Speculation began to swirl on Friday evening when Cuddyer was listed as retired on MLB.com's transactions page. Reporters were initially denied comment from the Mets, who could've put a stop to the speculation at that point but, for now-obvious reasons, did not.
Cuddyer turned down a $14 million qualifying offer from the Rockies at the end of the 2014 season and later signed a two-year, $21 million deal with the Mets. Cuddyer is still owed $12.5 million from that deal. He won't be leaving it all on the table, though; some sort of buyout is likely in place, per Rubin.
The Rockies used the draft pick awarded to them as a result of Cuddyer turning down the qualifying offer and signing with another team to draft high school pitcher Mike Nikorak, who struggled in his first taste of pro ball but is still considered a highly promising prospect. Meanwhile, Cuddyer was limited to just 117 games and 408 plate appearances, hitting .259/.309/.391 for the eventual National League champions.
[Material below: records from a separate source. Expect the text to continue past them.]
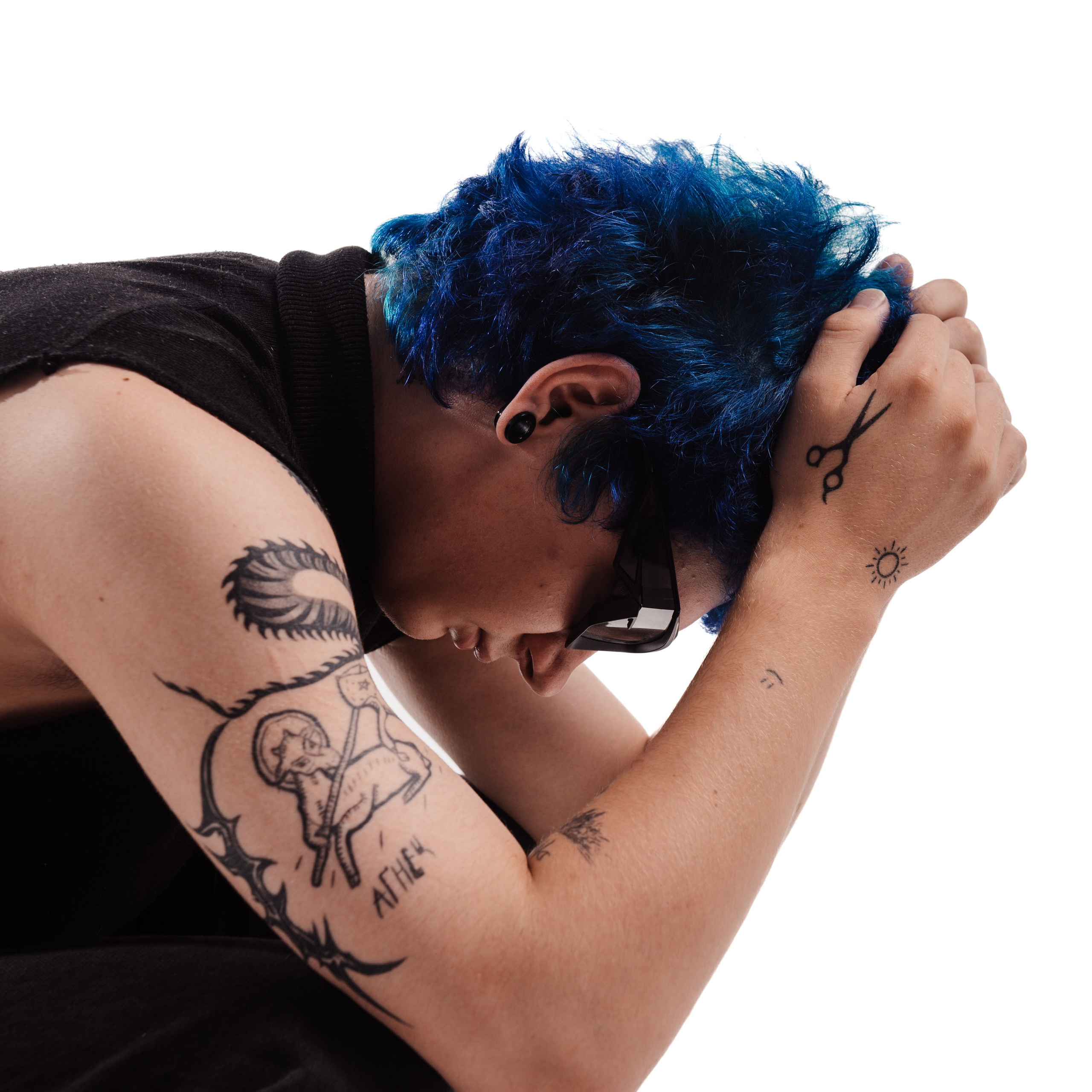 Илья. Фотограф в Минске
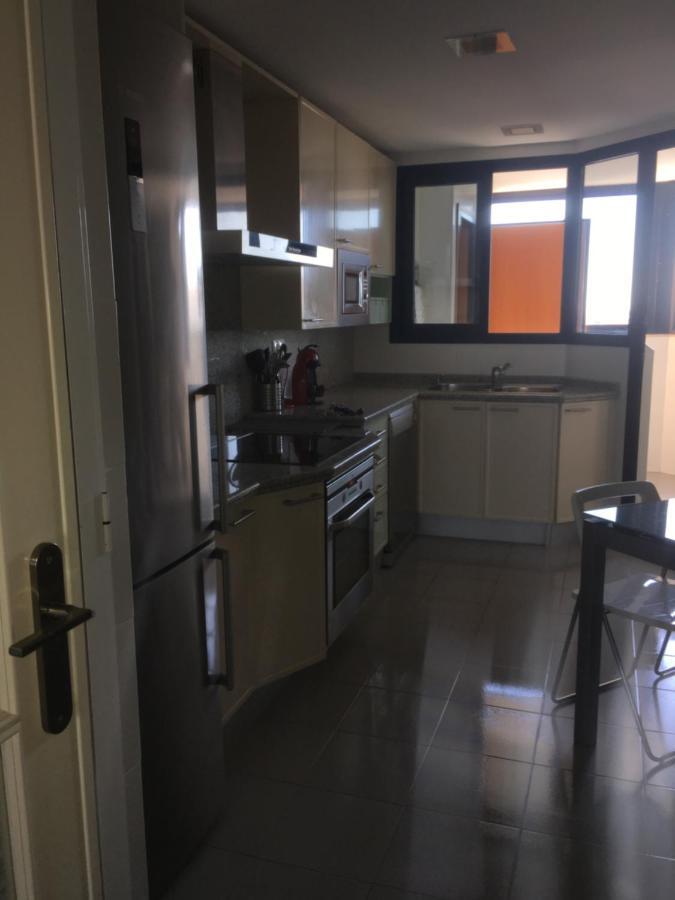 Apartamento Ciudad De Las Ciencias Apartamento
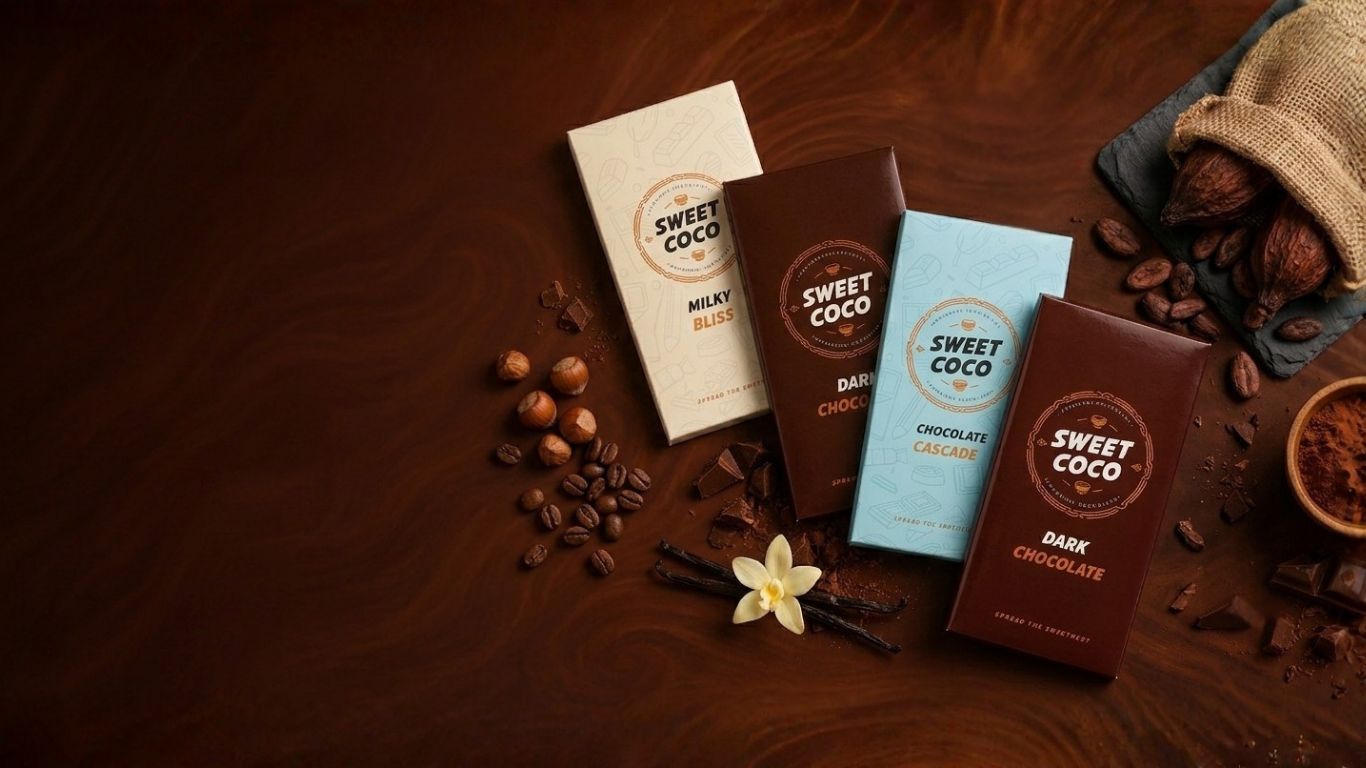 Crafted with Love,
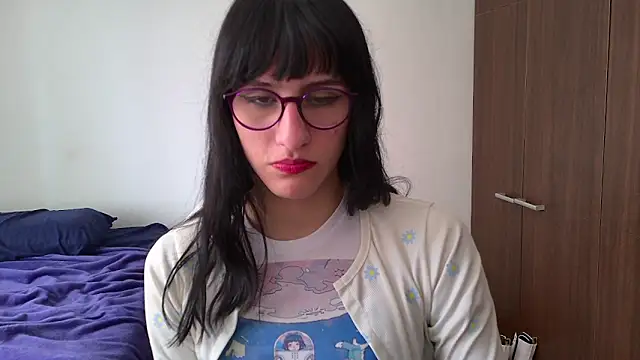 Alice love29 online show from January 19, 2025, 8:09 pm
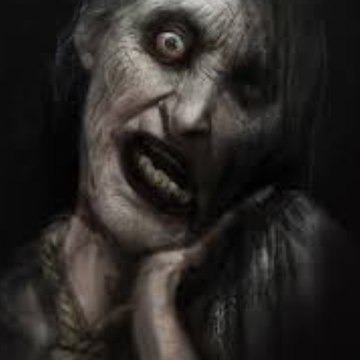 Real Scary Videos
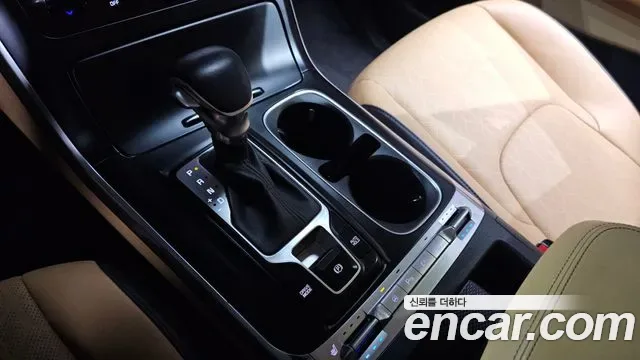 Kia Carnival дизель 9 мест Prestige, миниатюра 2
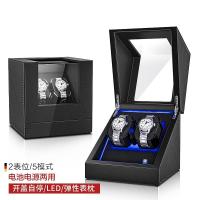ราคา Automatic Dual Watch Winder with Blue Light (25092351877)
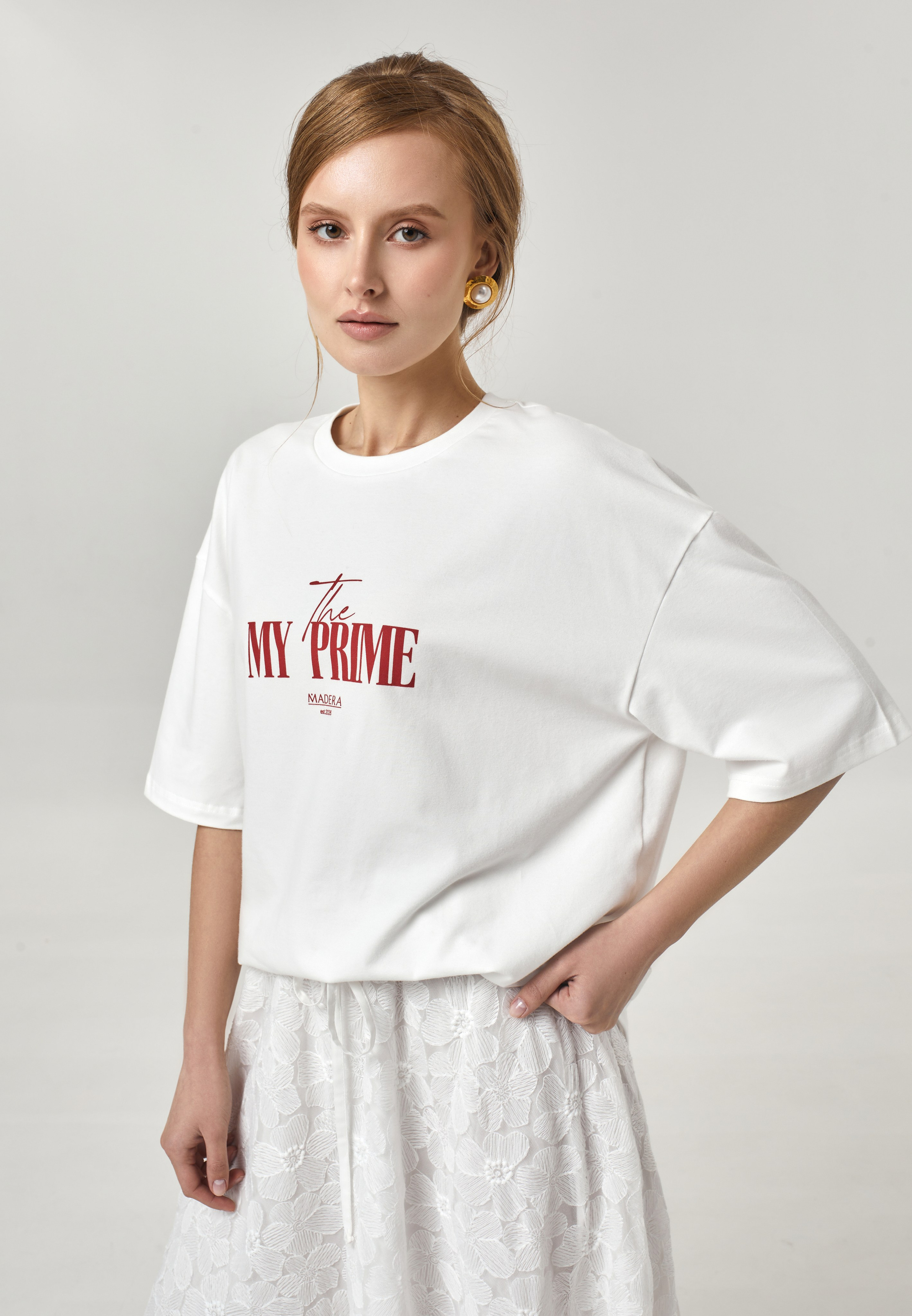 Каталог для Madera. Главная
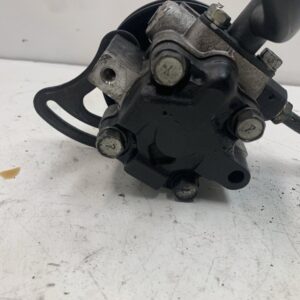 BOMBA DIRECCION CHEVROLET KALOS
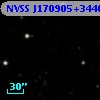 NVSS J170905+344055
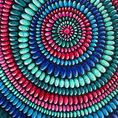 Colores y líneas — frontal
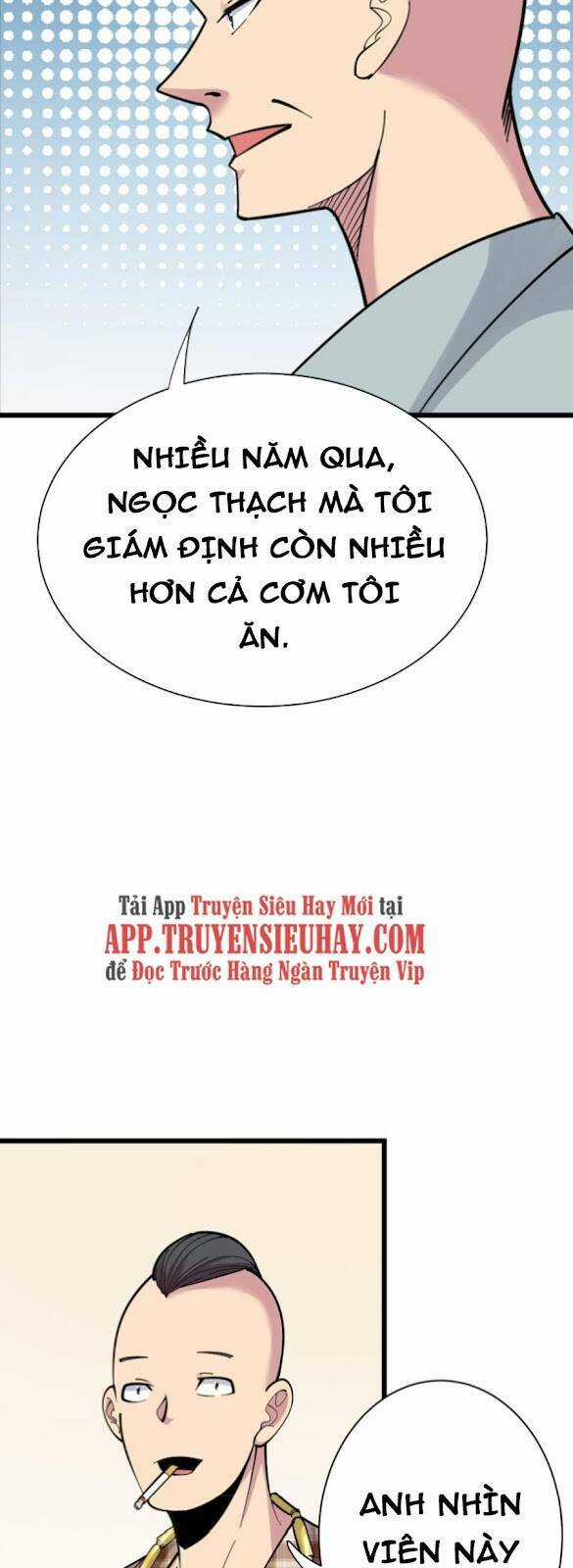 Cửa Hàng Đào Bảo Thông Tam Giới Chapter 293 trang 6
In his three seasons in Colorado, Cuddyer won a batting title, hit for the cycle once and managed an overall .307/.362/.525 line. Over his 15-year career with the Mets, Rockies and Minnesota Twins, the Virginia native hit .277/.344/.461 with 197 home runs and accumulated 16.6 rWAR.
Cuddyer was injured frequently and played on a lot of bad teams during his time with the Rockies. But when he was on the field, he was a solid offensive performer, and perhaps more memorably, was one of the better dudes to ever don purple pinstripes.
We wish Cuddyer the best of luck in his post-baseball endeavors.